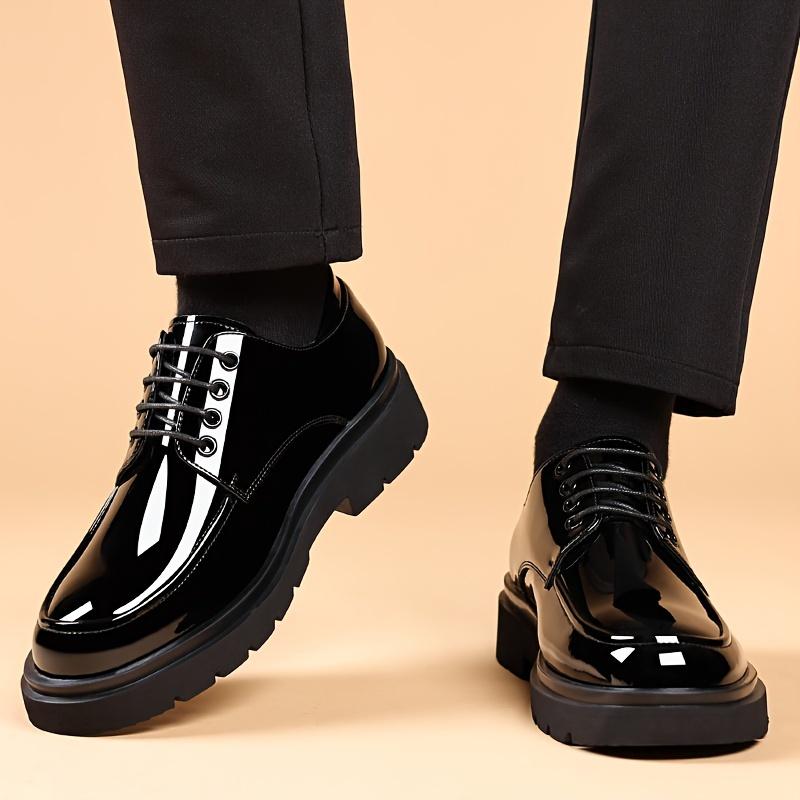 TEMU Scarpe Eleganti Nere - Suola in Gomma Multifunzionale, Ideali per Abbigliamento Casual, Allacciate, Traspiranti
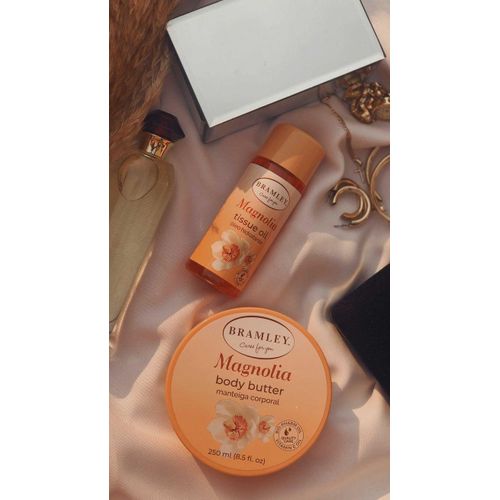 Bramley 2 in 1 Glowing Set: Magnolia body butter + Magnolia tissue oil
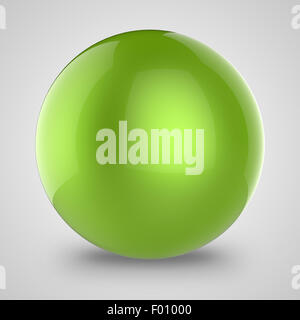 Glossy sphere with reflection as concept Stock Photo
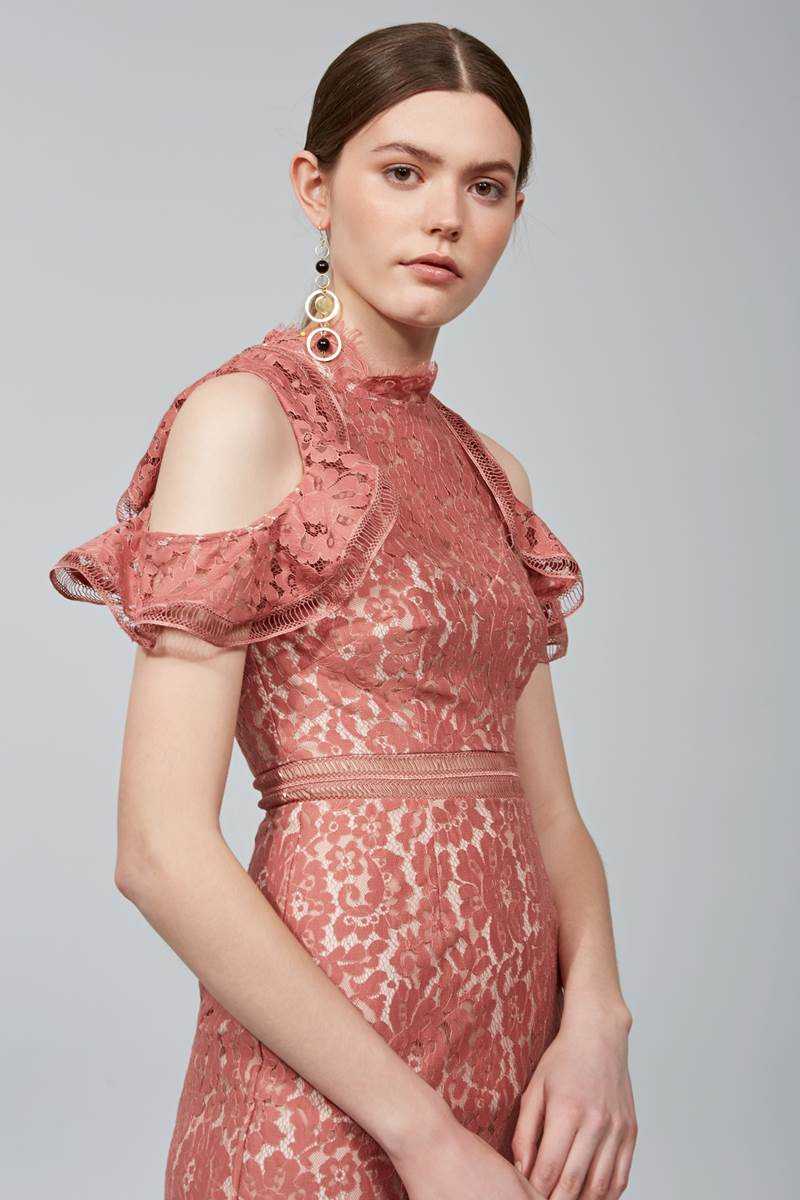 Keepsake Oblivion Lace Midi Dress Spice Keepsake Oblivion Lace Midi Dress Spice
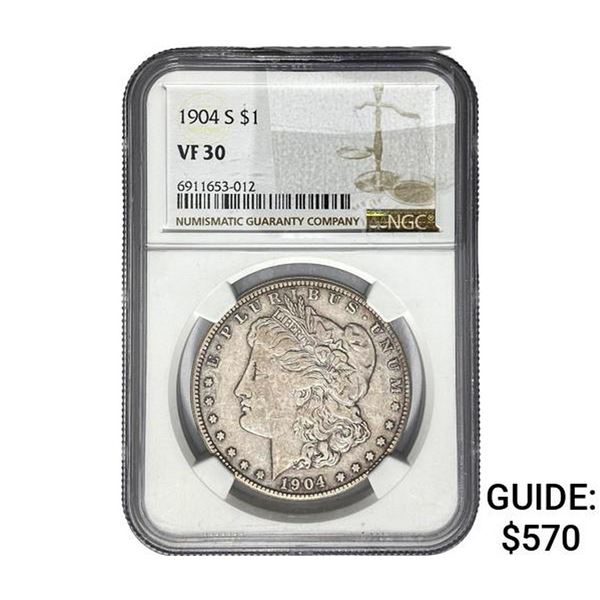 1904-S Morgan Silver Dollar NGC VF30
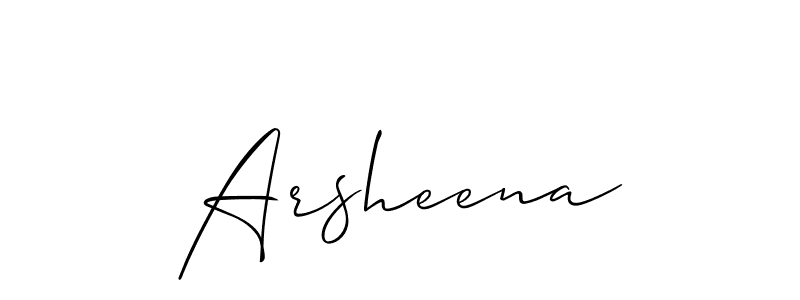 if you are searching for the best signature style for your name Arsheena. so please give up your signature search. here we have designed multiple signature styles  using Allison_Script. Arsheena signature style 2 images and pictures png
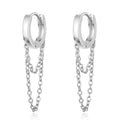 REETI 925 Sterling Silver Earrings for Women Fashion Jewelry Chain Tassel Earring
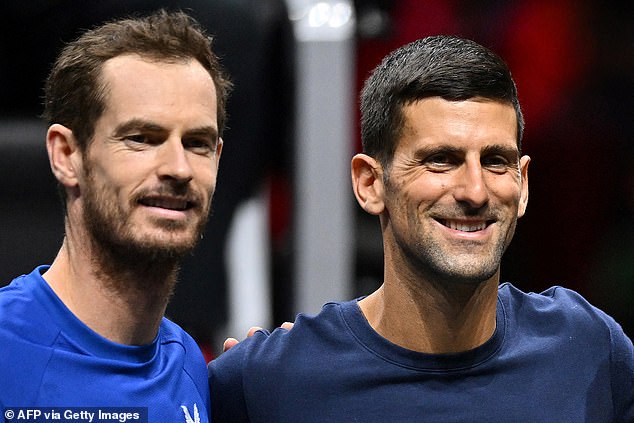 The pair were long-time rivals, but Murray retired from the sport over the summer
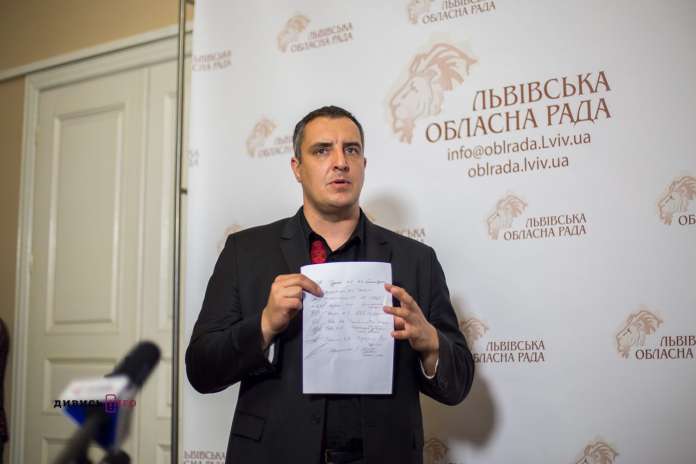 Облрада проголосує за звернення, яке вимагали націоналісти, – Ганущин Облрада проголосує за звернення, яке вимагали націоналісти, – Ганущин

▶ **Exercise goal**
All lines from the first in the listing above to the line containing "REETI 925 Sterling", inclusive, go in the output exactly as they are; no pictures go in.

▶ **Problem solution**
 TEMU Scarpe Eleganti Nere - Suola in Gomma Multifunzionale, Ideali per Abbigliamento Casual, Allacciate, Traspiranti
 Bramley 2 in 1 Glowing Set: Magnolia body butter + Magnolia tissue oil
 Glossy sphere with reflection as concept Stock Photo
 Keepsake Oblivion Lace Midi Dress Spice Keepsake Oblivion Lace Midi Dress Spice
 1904-S Morgan Silver Dollar NGC VF30
 if you are searching for the best signature style for your name Arsheena. so please give up your signature search. here we have designed multiple signature styles  using Allison_Script. Arsheena signature style 2 images and pictures png
 REETI 925 Sterling Silver Earrings for Women Fashion Jewelry Chain Tassel Earring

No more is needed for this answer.